We all know Maine is a different animal. Heck, the natives and the lifers wear that uniqueness on their sleeves or tattooed across their foreheads. But then the MPA tries to add a class in basketball or two classes in football and suddenly we take it as an affront to our toughness or our rugged individualism.
Governing sports in Maine is a thankless and sometimes impossible job right now. There are geographic and socioeconomic challenges faced by few other states. To wit, if your school has more than 1,000 students or fewer than 350 students and it has a football team, you are a statistical outlier. It is virtually impossible for the MPA to put you in a division that furnishes you a full schedule against teams your own size and not saddle you with an enormous travel burden.
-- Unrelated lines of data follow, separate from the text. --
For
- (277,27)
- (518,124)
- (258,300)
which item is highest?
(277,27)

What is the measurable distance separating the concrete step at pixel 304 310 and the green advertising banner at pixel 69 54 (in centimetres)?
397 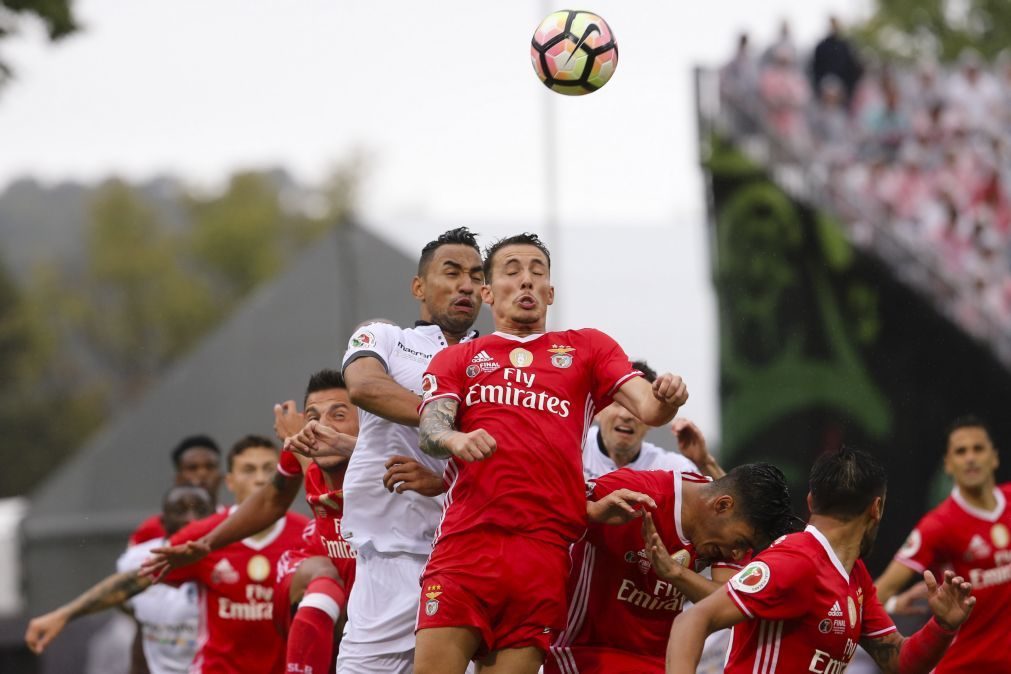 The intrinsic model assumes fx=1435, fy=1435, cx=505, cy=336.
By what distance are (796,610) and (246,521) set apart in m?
3.33

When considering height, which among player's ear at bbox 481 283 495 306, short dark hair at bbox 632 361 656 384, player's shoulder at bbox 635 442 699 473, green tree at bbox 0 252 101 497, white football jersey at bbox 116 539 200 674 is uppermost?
player's ear at bbox 481 283 495 306

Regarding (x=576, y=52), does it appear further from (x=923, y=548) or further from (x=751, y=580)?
(x=923, y=548)

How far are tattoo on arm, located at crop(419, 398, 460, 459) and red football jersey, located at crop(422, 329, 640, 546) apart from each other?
52 mm

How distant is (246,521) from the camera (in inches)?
300

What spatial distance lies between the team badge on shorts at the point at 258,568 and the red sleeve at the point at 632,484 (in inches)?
125

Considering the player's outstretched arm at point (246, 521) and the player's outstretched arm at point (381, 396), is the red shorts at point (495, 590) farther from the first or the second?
the player's outstretched arm at point (246, 521)

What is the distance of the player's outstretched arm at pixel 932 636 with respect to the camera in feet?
18.4

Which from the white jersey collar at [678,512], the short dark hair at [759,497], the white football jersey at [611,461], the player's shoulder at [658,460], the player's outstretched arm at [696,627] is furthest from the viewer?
the white football jersey at [611,461]

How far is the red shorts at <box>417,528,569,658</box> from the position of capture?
219 inches

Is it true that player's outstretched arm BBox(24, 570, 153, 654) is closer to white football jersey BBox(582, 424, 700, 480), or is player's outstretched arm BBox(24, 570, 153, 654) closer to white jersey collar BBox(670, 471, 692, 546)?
white football jersey BBox(582, 424, 700, 480)

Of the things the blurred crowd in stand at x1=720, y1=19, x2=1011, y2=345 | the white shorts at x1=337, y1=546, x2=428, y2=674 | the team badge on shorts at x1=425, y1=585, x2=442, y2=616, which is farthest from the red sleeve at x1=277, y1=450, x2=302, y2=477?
the blurred crowd in stand at x1=720, y1=19, x2=1011, y2=345

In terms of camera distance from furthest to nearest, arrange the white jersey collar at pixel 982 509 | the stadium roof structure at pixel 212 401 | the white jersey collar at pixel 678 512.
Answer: the stadium roof structure at pixel 212 401, the white jersey collar at pixel 982 509, the white jersey collar at pixel 678 512

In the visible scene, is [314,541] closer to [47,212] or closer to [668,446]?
[668,446]

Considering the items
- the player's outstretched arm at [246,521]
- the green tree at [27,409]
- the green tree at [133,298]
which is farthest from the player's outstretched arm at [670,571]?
the green tree at [133,298] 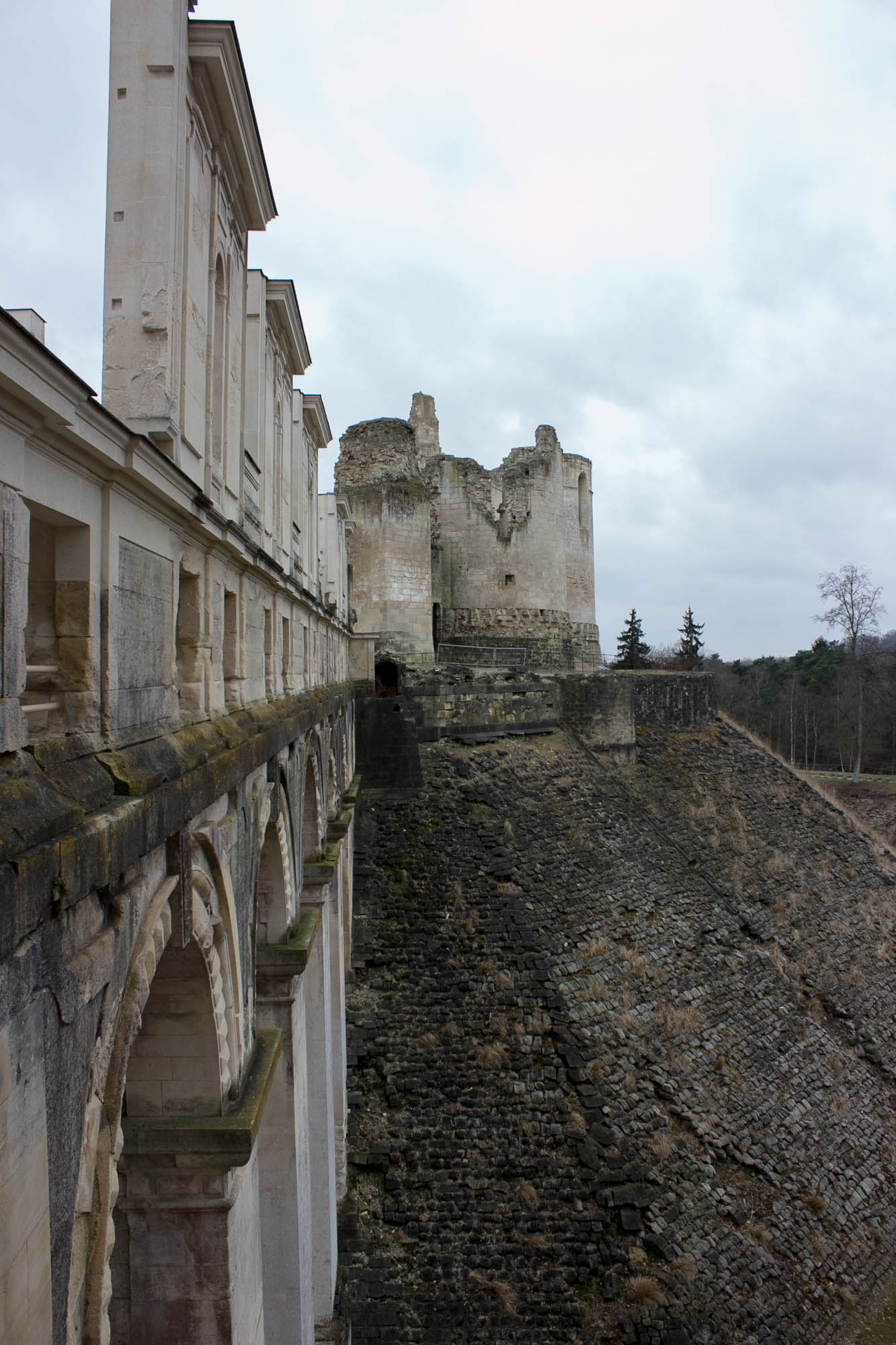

Also, if Maine is a horse of a different color, football even more aptly fits that description. It isn’t basketball, in which you can win with five, or baseball, where you may survive with nine. The need for depth and the vast difference in physical maturity between freshmen boys and senior men demand a minimum roster of 20 to 25 for safety’s sake.
This state of being has absolutely zero to do with enrollment. Some “Class D” schools wield twice that many prospects. A few “Class A” coaches couldn’t drum up that much participation if they were allowed to pay the kids.
Working around these issues requires outside-the-box alertness. The proposed Class E, non-championship, developmental division is just that. I hope more teams will join it than the six or seven currently expected to participate. Swallow pride now in return for the benefits later, not the least of which is the mere survival of your program. Who cares that there’s no Gold Ball? You aren’t winning one in A, B, C or D anytime soon.
I also hope more schools will follow MPA Assistant Director Mike Burnham’s suggestion to play outside conference and class. Those traditional distinctions are absolutely killing competitive balance in all Maine sports. Good teams should be encouraged to play other good teams and struggling programs permitted to battle other struggling programs, regardless of numbers or location.
That’s how Kentucky does it, and I presume it is how many other states with a serviceable interstate highway system do it. Play three or four local rivals within a “district,” then set your own remaining schedule for the two-year cycle.
If everybody has to make the playoffs to account for the lack of schedule uniformity, it’s a small price to pay, and it isn’t because our kids are “soft” or “snowflakes.”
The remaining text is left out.